If it is the former (creating a new branch), what might such a new branch typically be called?

I know that I'm not the only person to have ever needed to do a complete code rewrite/rebuild, so would appreciate some advice here.

MusTheDataGuy
  • 381
  • 1
  • 11

1 Answers1

4

One of the big advantages of branches in the business world is that it allows you to work on a new feature while allowing you to go back to the master version and make updates there if necessary, without losing your progress. For example, if you were rewriting the home page of your website, then a critical bug that prevents the user from signing in is discovered, this is what you can do with a branch.

  1. Commit the current work you have on the new homepage to your branch.
  2. Switch back to the master branch.
  3. Fix the bug and commit the fix to master, to get the fix out to the users quickly.
  4. Switch back to your new homepage branch and resume working on the rewrite exactly where you left off.

My understanding is that my new changes are branched off of / away from the master branch and, if I am happy, I can/should merge them back into the master branch at the point where I am happy/confident that the changes are good to go - is that correct?

You are quite correct. This is especially useful if multiple people code on this project, as a rewrite may be disruptive to their projects. Branches give you more control over when a feature gets added to the main code base. It also allows your coworkers to more easily test your branch/feature separately.

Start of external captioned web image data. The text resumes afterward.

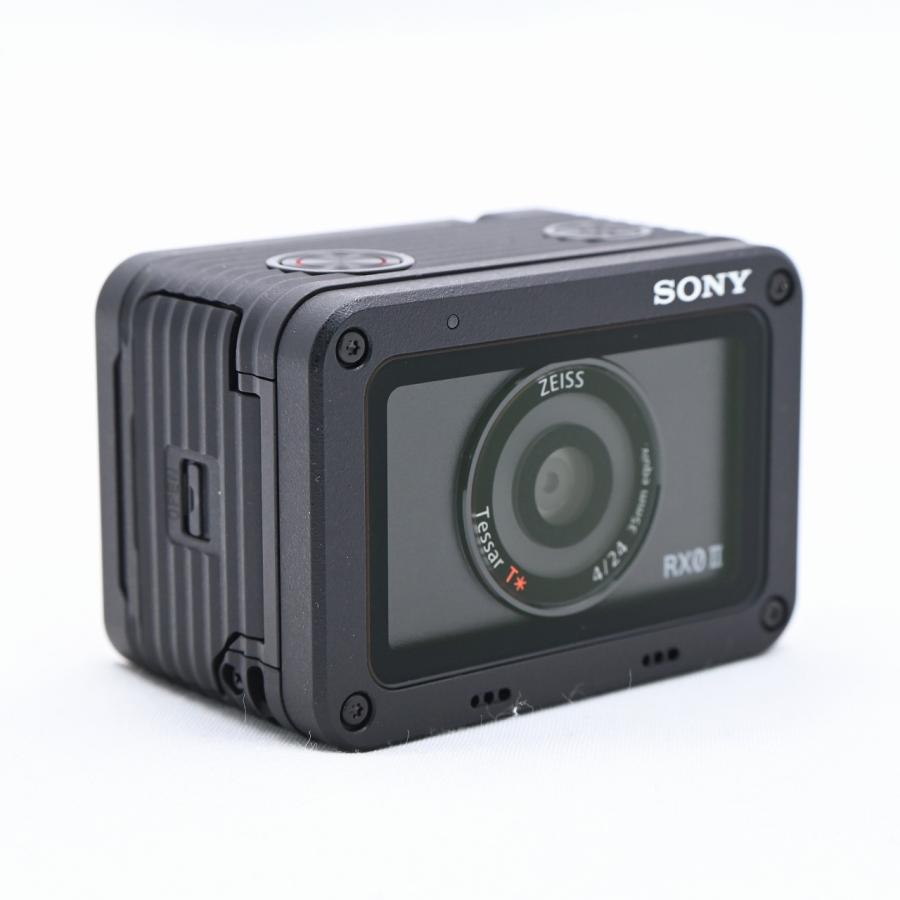 ソニー SONY Cyber-shot DSC-RX0M2｜flagship-camera｜03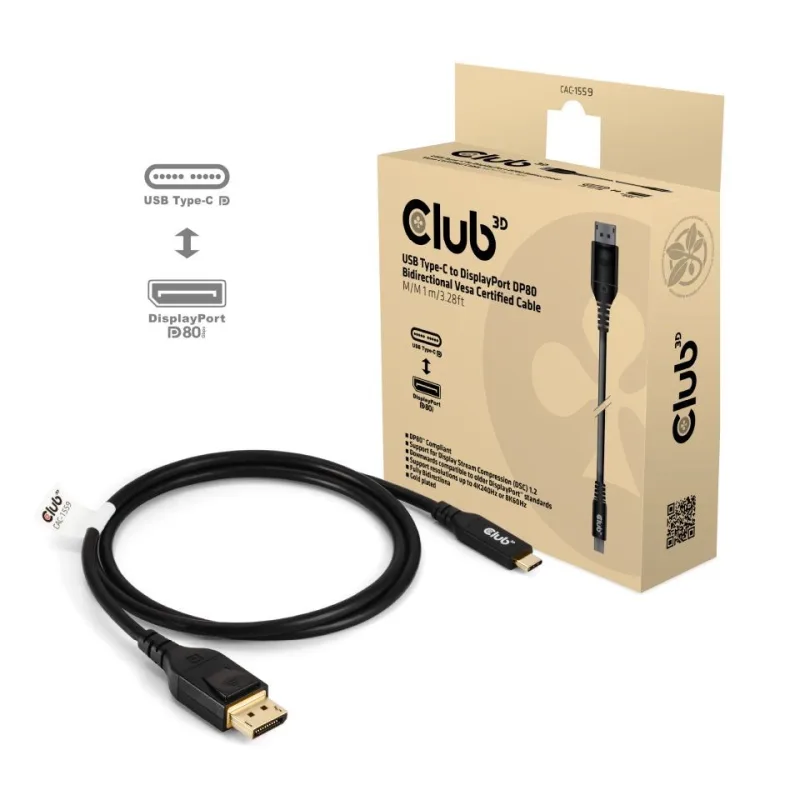 Club3D CAC-1559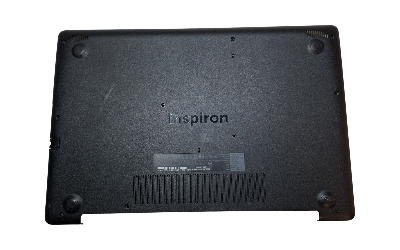 Dell Inspiron 3593 Alsó burkolat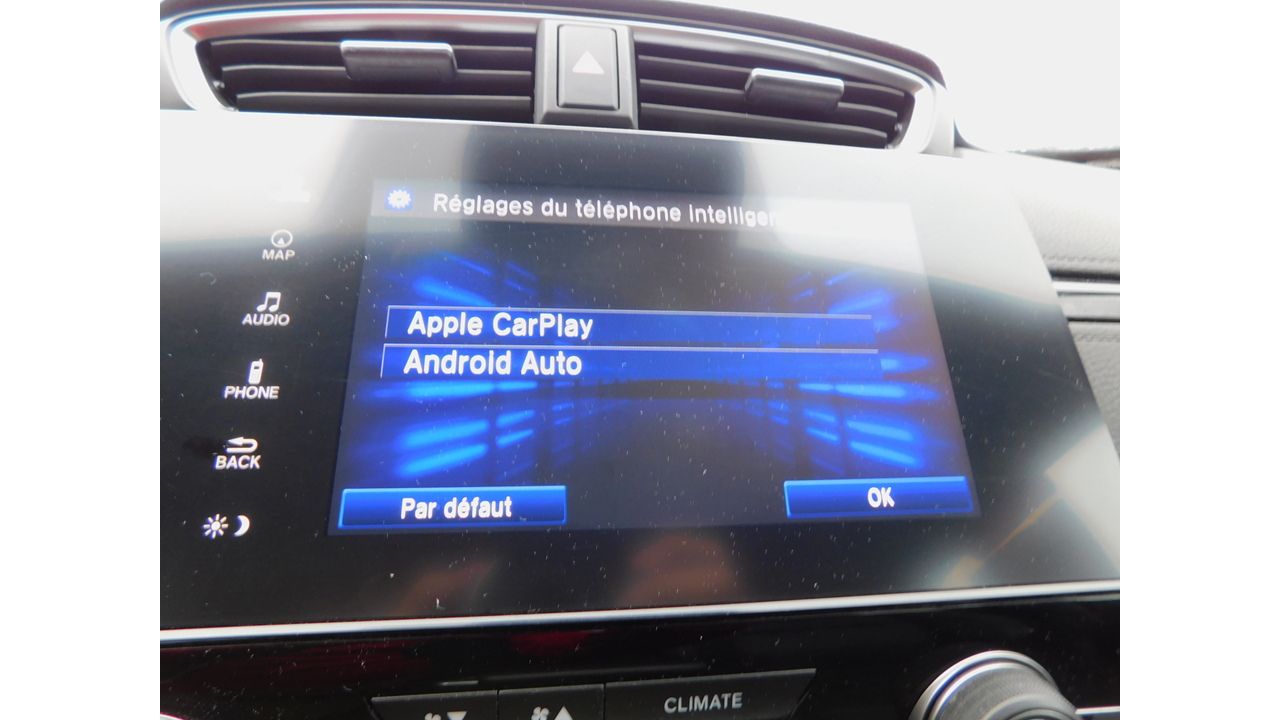 2017 Honda CR-V - Image 31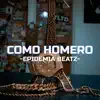 Como Homero - Single album lyrics, reviews, download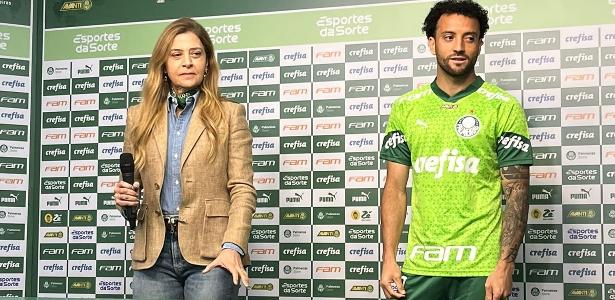 Filhos de SAFs pedem fair play financeiro para o Palmeiras, ainda mais rico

For a solo project that affects only one file with limited impact to the rest of the application, a branch may be overkill. Using a new branch causes no harm, but a standard commit to master still maintains the file history, and takes less time and knowledge of git.

If your rewrite causes changes to many files, could interrupt the workflow of coworkers, or if you might need to maintain the current version of the script in the meantime, then you should consider using a branch.

If it is the former (creating a new branch), what might such a new branch typically be called?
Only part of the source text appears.